On Tue, 2005-11-01 at 13:26 -0500, Diego Novillo wrote:

> We won't get perfect answers, which is fine given the nature of the 
> problem. 
Right.

>  However, I would like, to get *consistent* answers.
Depends on how you define "consistent" :-)


>   If we 
> decide to re-organize the optimization pipeline, we should not be getting 
> different -Wuninitialized behaviour.  Perhaps that's an easier problem to 
> solve.  For instance, for GCC bootstraps we could ignore the warning when 
> it's from "... but was later optimized away ...".
I don't think you're going to achieve this goal, unless you fall back to
just warning before the optimizers get started (and the increased false
positives that are inherent with that solution).


If you change the pipeline, you may have a case where we miss an 
optimization.  That in turn might cause us to not detect that a
particular edge in the CFG is not executable.  That in turn may prevent
us from realizing that a particular variable which appeared 
uninitialized is really initialized on all paths to its uses.

The opposite is true as well.  ie, we add a new stage in the pipeline
and we determine more edges in the CFG are unexecutable or more code
is dead.  Thus variables which appeared uninitialized are now either
proven always initialized, or optimized away.

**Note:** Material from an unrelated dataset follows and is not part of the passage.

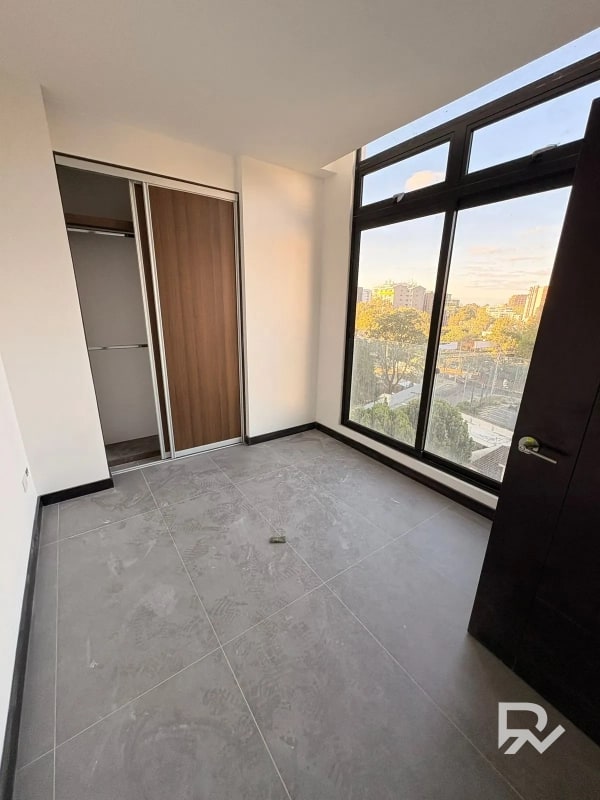 Vendo apartamento en Arles zona 15 para estrenar - 10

If you really want answers that don't change, then you just run the
existing warning code early in the pipeline (switch controlled of
course).  We see something potentially uninitialized and we warn
and forget.

If you're willing to tolerate some changes, then you have choices.

You just run the existing code as it stands today -- you get fewer false
positives.  As the pipeline changes the set of false positives will
fluctuate, but hopefully over the long term the set of false positives
is generally reduced.

You run something similar to what I've suggested.  The set of false
positives will fluctuate as will the set of "optimized away false
positives".  However, the union of those two sets would be consistent.



So, to summarize, I think this is the complete set of viable
alternatives:

  1. Status quo.  Nothing changes.

  2. Run the maybe uninitialized warning code earlier in the pipeline
     with no other changes.  Will result in more false positives, but
     more consistent results.

  3. Allow a user switch to determine if the maybe uninitialized code
     runs early in the pipeline (more false positives, but more
     consistent results), or late in the pipeline (fewer false
     positives, but results fluctuate as optimizers change).

     3a. Switch on with -Wuninitialized
     3b. Switch off with -Wuninitialized

  4. Use an approach which runs both late and early which allows us
     to explicitly warn about cases where a maybe-uninitialized variable
     was either eliminated or proven always initialized.  A switch
     controls the new warning.

     4a. Switch defaults to on with -Wuninitialized
     4b. Switch defaults to off with -Wuninitialized.


My favorites (in preferred order) would be 3b, 4b, and 4a.

3a and 1 are less appealing with 2 being the worst choice IMHO.